A <- data.frame(name = c(
  "X-ray right leg arteries",
  "x-ray left shoulder",
  "x-ray leg arteries",
  "x-ray leg with 20km distance"
), stringsAsFactors = F)

B <- data.frame(name = c(
  "X-ray left leg arteries",
  "X-ray leg",
  "xray right leg",
  "X-ray right leg arteries"
), stringsAsFactors = F)

corp1 <- corpus(A, text_field = "name")
corp2 <- corpus(B, text_field = "name")

docnames(corp1) <- paste("A", seq_len(ndoc(corp1)), sep = ".")
docnames(corp2) <- paste("B", seq_len(ndoc(corp2)), sep = ".")

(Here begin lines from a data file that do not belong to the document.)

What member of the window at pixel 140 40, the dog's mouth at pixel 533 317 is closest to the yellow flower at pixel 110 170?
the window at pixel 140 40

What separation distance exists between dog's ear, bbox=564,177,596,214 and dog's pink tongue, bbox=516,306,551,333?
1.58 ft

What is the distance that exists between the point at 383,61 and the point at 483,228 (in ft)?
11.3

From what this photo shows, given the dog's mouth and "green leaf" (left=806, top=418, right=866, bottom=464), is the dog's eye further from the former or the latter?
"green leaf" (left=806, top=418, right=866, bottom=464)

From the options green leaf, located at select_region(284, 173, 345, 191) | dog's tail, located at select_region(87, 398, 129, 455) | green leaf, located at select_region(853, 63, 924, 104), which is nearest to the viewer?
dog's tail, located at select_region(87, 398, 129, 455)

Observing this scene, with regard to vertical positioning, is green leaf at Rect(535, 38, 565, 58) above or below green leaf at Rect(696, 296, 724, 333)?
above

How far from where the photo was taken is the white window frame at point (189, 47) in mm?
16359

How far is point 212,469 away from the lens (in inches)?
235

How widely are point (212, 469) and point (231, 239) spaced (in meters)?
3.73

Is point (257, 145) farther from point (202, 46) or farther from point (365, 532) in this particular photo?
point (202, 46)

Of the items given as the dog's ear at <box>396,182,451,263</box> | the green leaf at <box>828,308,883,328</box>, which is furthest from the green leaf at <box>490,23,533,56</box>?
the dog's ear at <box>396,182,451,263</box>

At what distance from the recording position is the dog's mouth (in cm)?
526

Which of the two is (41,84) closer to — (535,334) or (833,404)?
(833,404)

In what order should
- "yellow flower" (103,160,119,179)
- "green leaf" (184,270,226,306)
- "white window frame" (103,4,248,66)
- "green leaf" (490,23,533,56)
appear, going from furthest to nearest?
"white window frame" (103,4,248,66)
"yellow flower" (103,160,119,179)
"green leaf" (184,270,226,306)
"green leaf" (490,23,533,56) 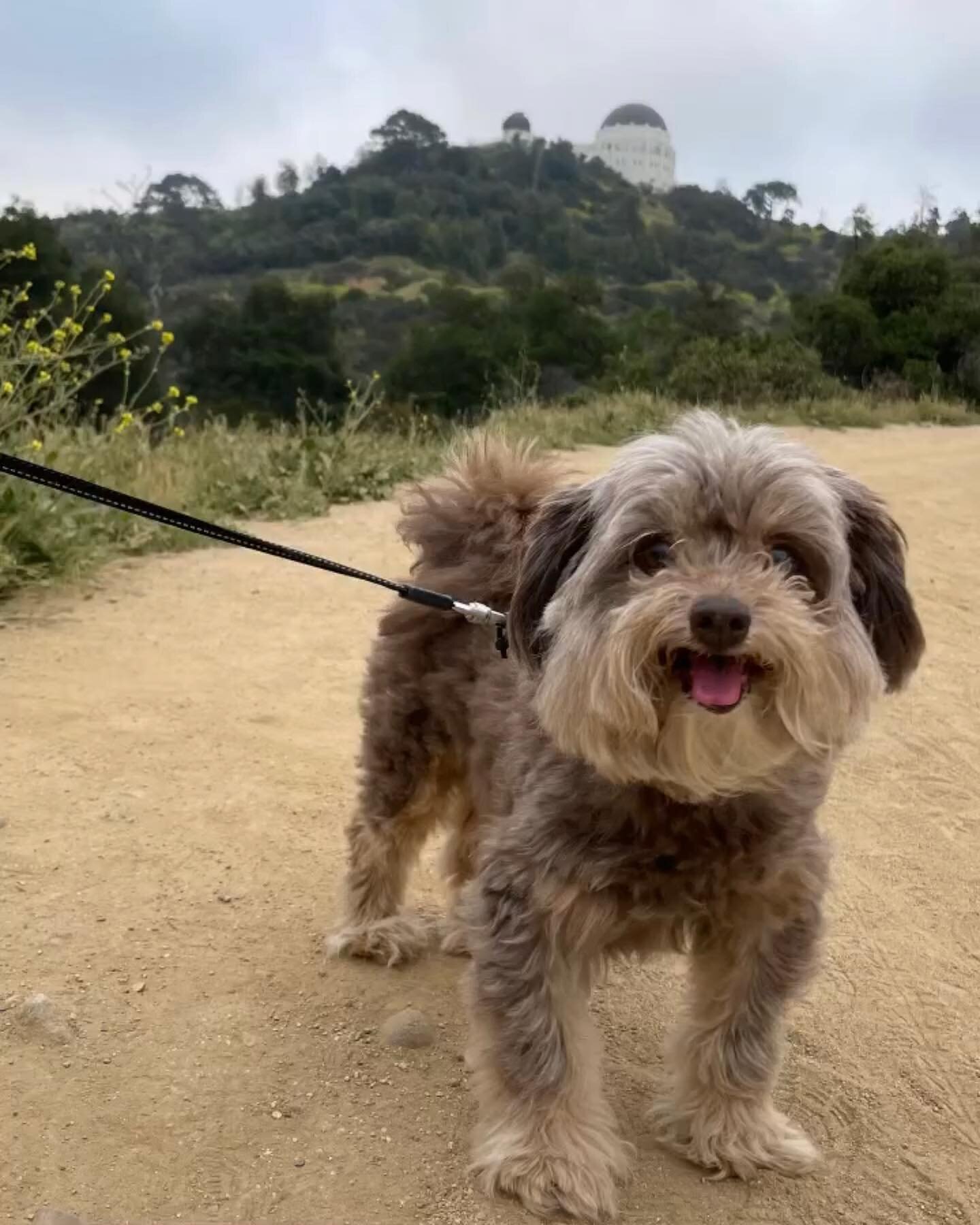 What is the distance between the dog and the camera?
7.73 ft

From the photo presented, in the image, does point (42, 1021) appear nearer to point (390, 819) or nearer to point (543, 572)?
point (390, 819)

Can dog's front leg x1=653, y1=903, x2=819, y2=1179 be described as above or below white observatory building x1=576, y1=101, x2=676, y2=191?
below

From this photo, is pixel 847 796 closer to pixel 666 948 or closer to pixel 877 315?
pixel 666 948

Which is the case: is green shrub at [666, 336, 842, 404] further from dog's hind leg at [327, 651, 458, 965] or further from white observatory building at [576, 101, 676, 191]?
white observatory building at [576, 101, 676, 191]

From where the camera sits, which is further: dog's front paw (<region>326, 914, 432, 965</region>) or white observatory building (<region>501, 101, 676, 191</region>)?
Result: white observatory building (<region>501, 101, 676, 191</region>)

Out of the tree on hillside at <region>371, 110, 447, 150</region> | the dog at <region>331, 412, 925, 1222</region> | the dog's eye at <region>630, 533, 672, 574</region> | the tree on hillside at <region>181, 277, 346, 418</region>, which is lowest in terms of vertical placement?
the tree on hillside at <region>181, 277, 346, 418</region>

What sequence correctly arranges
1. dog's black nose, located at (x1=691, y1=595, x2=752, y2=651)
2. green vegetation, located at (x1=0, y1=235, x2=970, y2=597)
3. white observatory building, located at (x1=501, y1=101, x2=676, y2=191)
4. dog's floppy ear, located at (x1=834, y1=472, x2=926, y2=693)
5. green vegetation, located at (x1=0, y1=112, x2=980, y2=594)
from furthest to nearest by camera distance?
Result: white observatory building, located at (x1=501, y1=101, x2=676, y2=191), green vegetation, located at (x1=0, y1=112, x2=980, y2=594), green vegetation, located at (x1=0, y1=235, x2=970, y2=597), dog's floppy ear, located at (x1=834, y1=472, x2=926, y2=693), dog's black nose, located at (x1=691, y1=595, x2=752, y2=651)

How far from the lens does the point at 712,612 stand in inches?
87.5

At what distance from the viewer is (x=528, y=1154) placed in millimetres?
2707

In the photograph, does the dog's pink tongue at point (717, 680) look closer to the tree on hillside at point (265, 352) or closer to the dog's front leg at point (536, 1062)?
the dog's front leg at point (536, 1062)

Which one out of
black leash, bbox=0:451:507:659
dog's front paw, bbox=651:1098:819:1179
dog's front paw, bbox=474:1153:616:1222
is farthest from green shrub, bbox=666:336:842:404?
dog's front paw, bbox=474:1153:616:1222

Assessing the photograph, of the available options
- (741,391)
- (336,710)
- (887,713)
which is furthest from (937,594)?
(741,391)

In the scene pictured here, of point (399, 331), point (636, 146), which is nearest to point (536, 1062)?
point (399, 331)

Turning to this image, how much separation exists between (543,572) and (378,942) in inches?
61.1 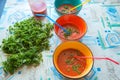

dtm3 <- rbind(dfm(corp1, ngrams=2), dfm(corp2, ngrams=2))
d1 = textstat_simil(dtm3, method = "cosine")
d1 = as.matrix(d1)

d1 = d1[grepl("^A.",row.names(d1)),grepl("^B.",colnames(d1))]

In the code I am calculating similarity on combined matrix and later removing irrelevant cells from the matrix. Is it possible to compare one document from A at a time in textstat_simil(dtm3, method = "cosine")? Below the table I am looking for. Also the file size of the matrix got doubled when I use as.matrix(d1).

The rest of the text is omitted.